Your assignment: Scan the entries below and extract each line with the word "Shirt" in it.

Entries taken from a collection:
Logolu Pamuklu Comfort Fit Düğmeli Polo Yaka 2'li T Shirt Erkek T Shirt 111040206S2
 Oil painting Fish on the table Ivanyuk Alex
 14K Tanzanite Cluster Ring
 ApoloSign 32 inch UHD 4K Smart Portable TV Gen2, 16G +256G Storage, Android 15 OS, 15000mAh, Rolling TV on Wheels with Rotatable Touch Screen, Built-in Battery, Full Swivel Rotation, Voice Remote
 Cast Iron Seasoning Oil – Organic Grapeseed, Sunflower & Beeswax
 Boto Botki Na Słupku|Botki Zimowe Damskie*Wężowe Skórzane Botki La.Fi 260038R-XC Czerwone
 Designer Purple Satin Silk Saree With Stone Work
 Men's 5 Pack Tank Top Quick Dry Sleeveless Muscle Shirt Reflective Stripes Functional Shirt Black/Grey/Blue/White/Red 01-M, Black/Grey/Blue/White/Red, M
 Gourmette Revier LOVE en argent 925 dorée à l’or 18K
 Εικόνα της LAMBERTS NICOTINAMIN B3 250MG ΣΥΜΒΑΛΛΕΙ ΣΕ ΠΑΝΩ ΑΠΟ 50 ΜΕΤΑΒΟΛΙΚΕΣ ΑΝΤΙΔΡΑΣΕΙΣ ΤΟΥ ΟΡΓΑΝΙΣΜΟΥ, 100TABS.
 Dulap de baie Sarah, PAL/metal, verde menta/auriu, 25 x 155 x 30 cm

Reply to the exercise:
Logolu Pamuklu Comfort Fit Düğmeli Polo Yaka 2'li T Shirt Erkek T Shirt 111040206S2
 Men's 5 Pack Tank Top Quick Dry Sleeveless Muscle Shirt Reflective Stripes Functional Shirt Black/Grey/Blue/White/Red 01-M, Black/Grey/Blue/White/Red, M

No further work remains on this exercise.